Thieves broke into the university building in Münster to steal technical equipment that was part of a work by the Japanese artist Koki Tanaka on display at the city’s Sculpture Projects, a festival that takes place every ten years.
Tanaka’s video project, Provisional Studies: Workshop #7 How to Live Together and Sharing the Unknown, will be temporarily closed to the public until the projection equipment and monitors can be replaced, Sculpture Projects Münster says. “We are trying to replace it quickly but it is complicated because there is a lot of technical equipment,” a spokeswoman adds. “The police are investigating it as a normal burglary.”

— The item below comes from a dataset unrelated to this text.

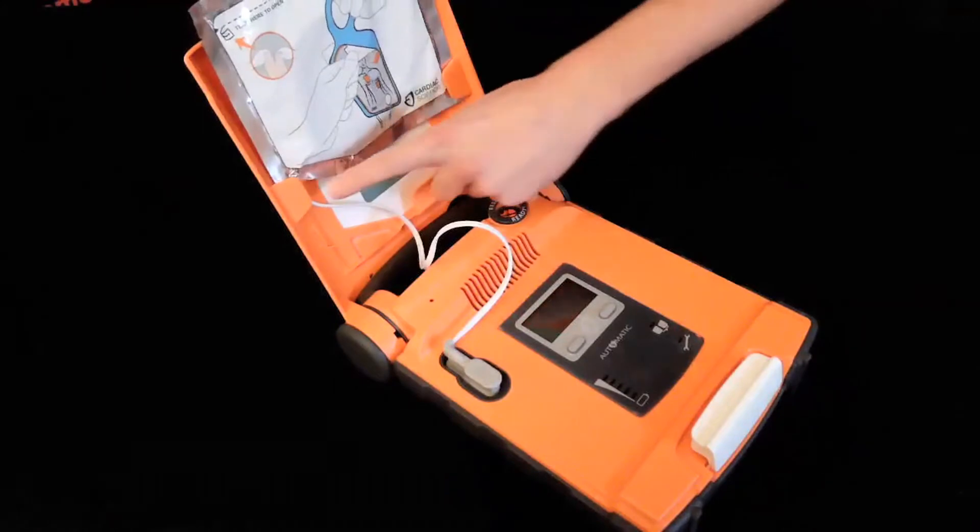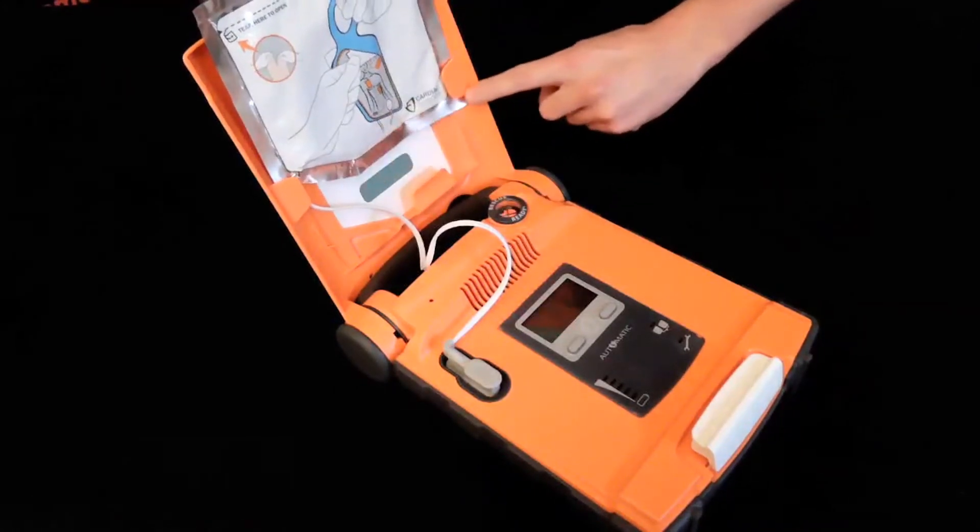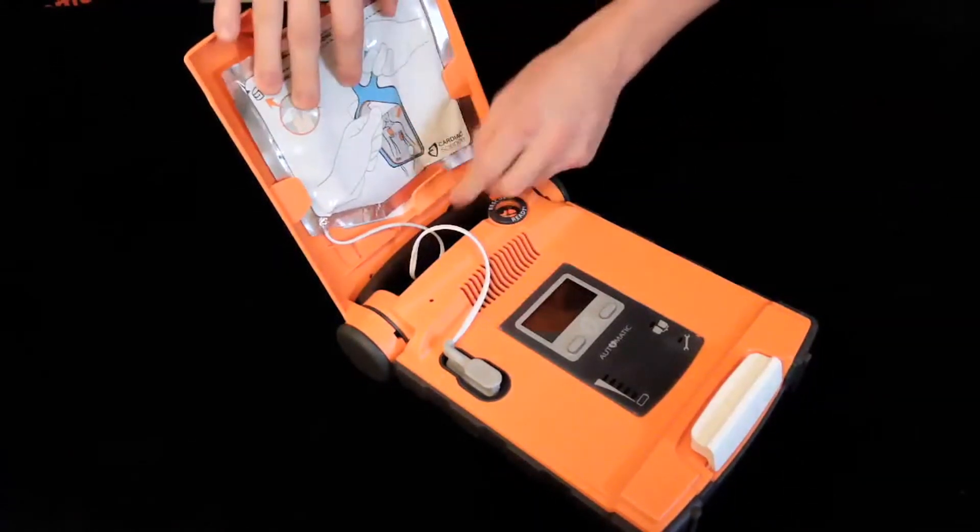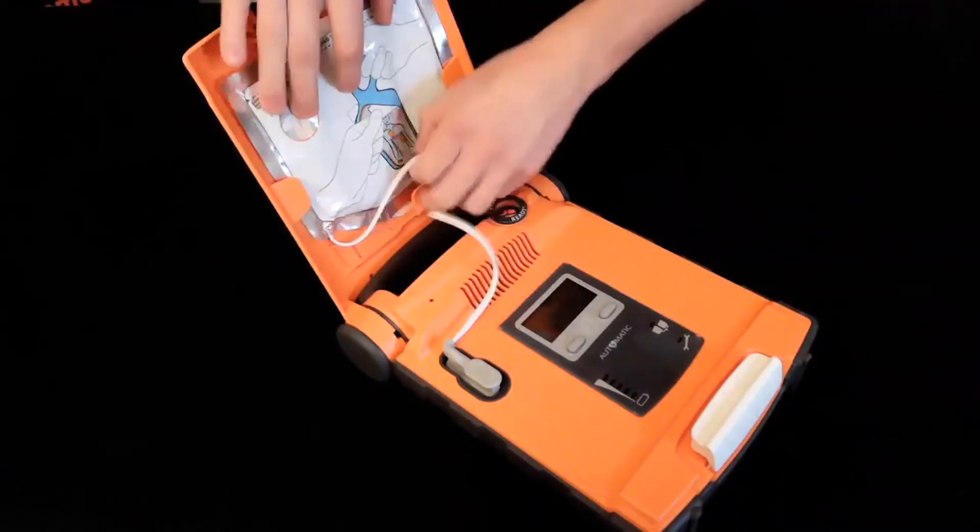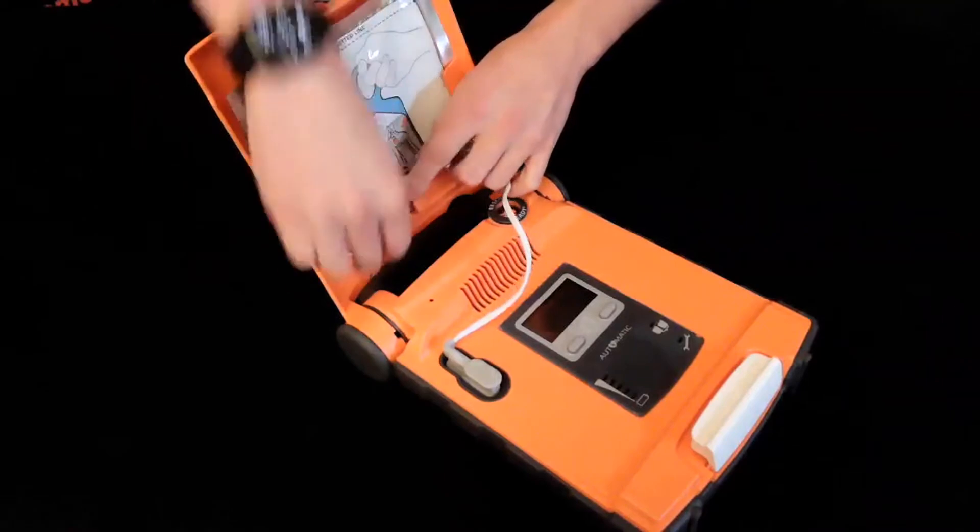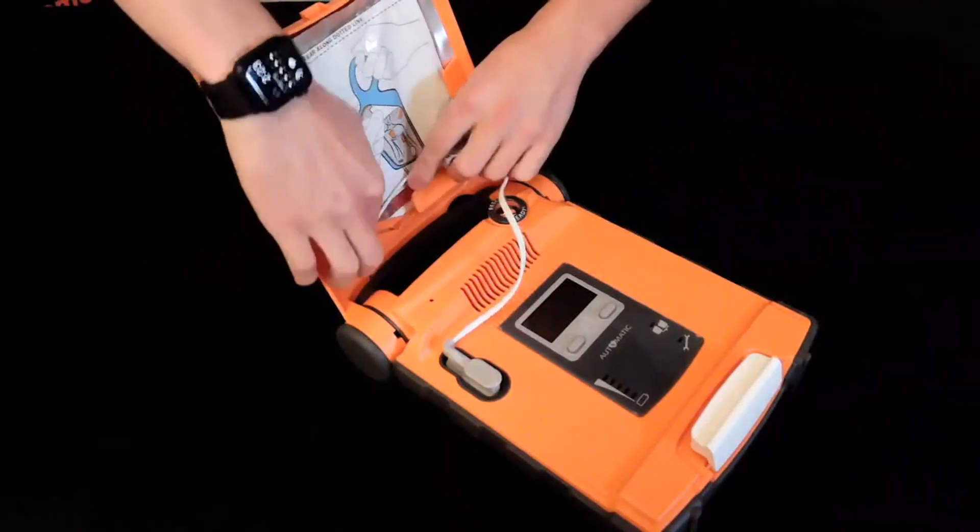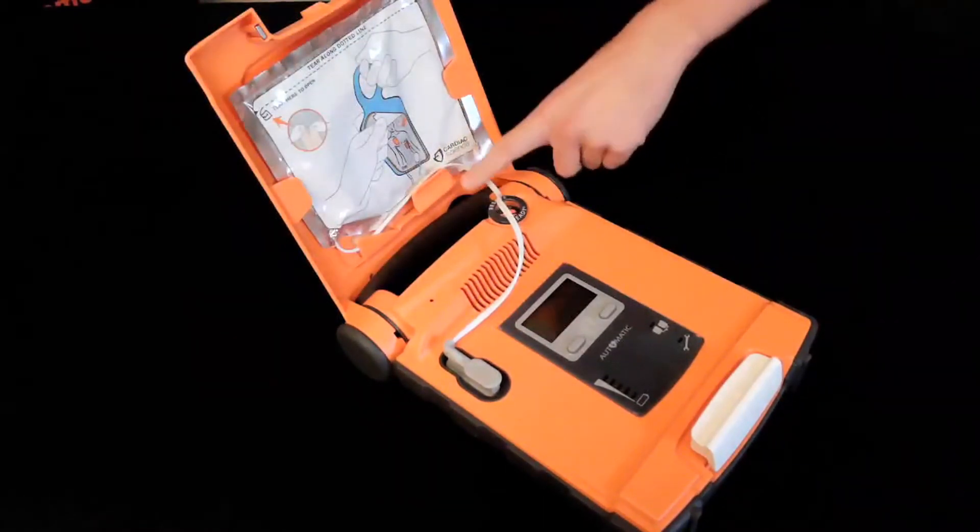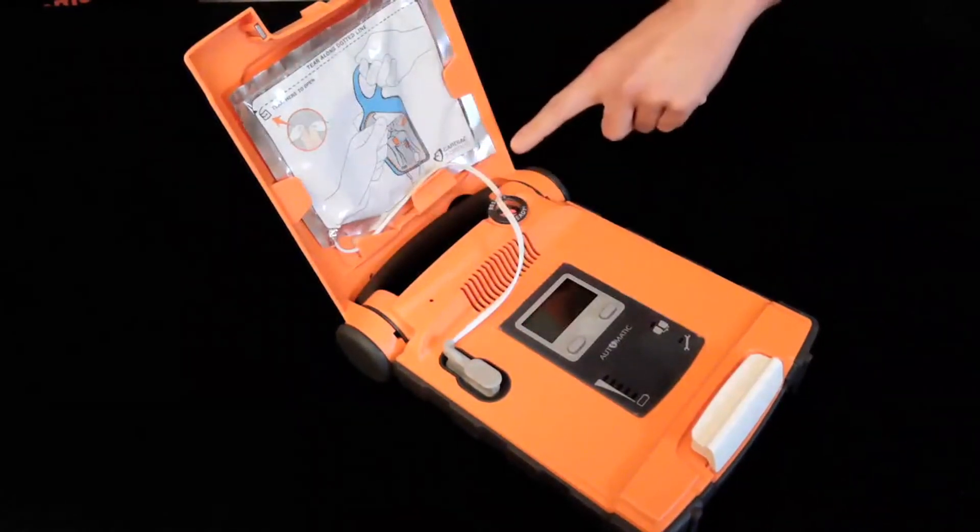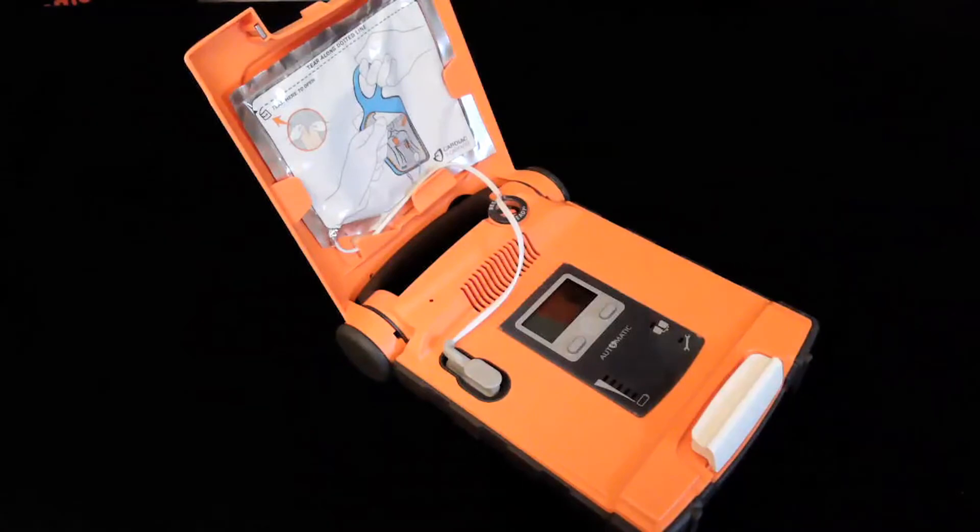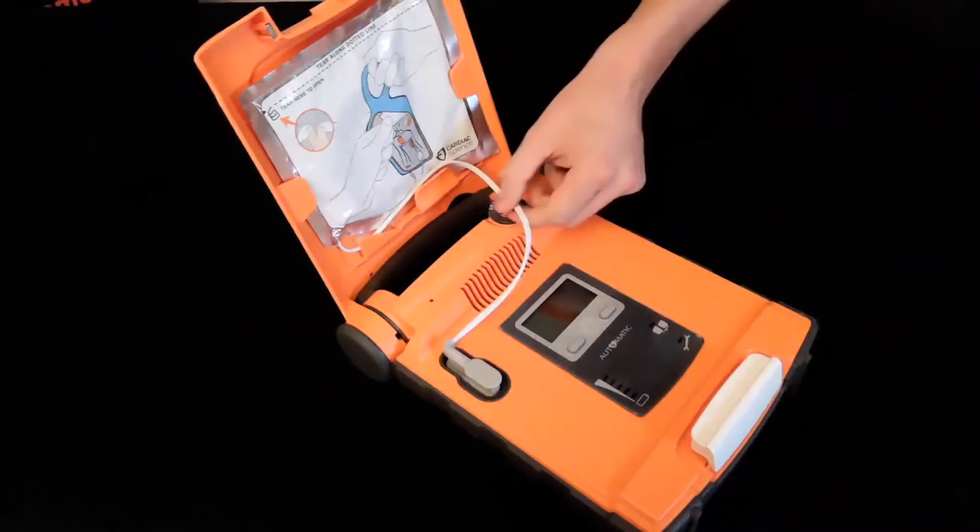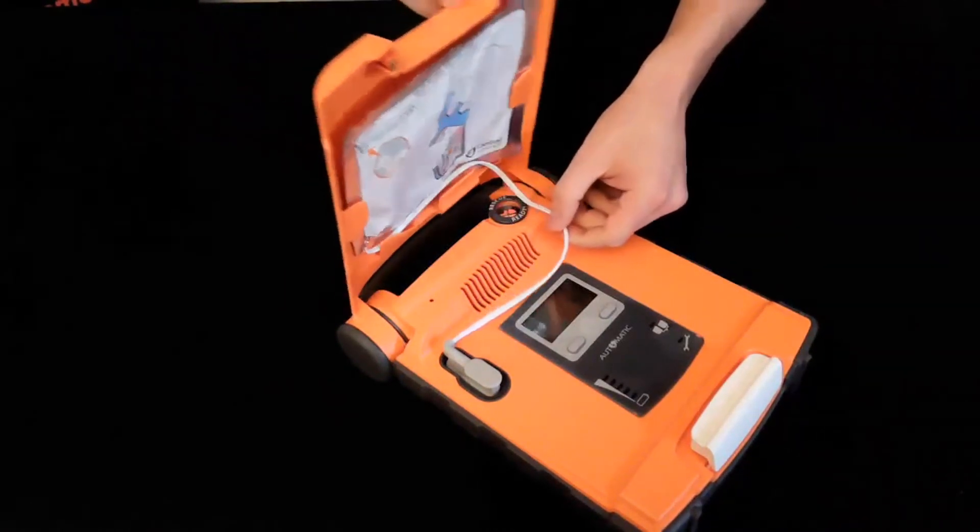Run the wire coming off of the pad through the guardrails on the bottom of the lid to avoid pinching wires once the lid is closed. Finally, close the lid to your AED.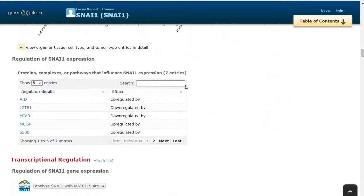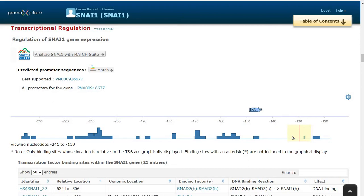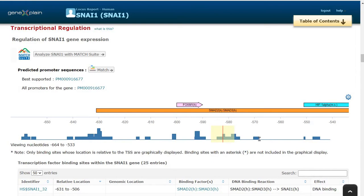The next section is transcriptional regulation of SNAI1. The blue boxes are several transcription factors binding to the SNAI1 promoter. The details of the factors in the yellow box is shown in the upper line. When we drag the yellow box, we can see that SNAI1 factor is also binding to the promoter, creating a very short feedback loop. We can shift the frame and see several transcription factors like EGR1 and several other factors binding to the promoter.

It is at least the third time that this edition of Sculpture Projects Münster has fallen victim to crime. A part of Ei Arakawa’s sculpture Harsh Citation, Harsh Pastoral, Harsh Münster was stolen on 17 June. In the night of 19 July to 20 July, a plaster figure in Nicole Eisenman’s work Sketch for a Fountain was vandalised too.
“We have to assume that art in a public space is at risk,” the spokeswoman says. “We don’t have a night guard because that would go against the concept. We have to live with it. Similar things happened in the last Sculpture Projects.”
Tanaka’s work focuses on eight people from different backgrounds whom he brought together to work on a variety of tasks.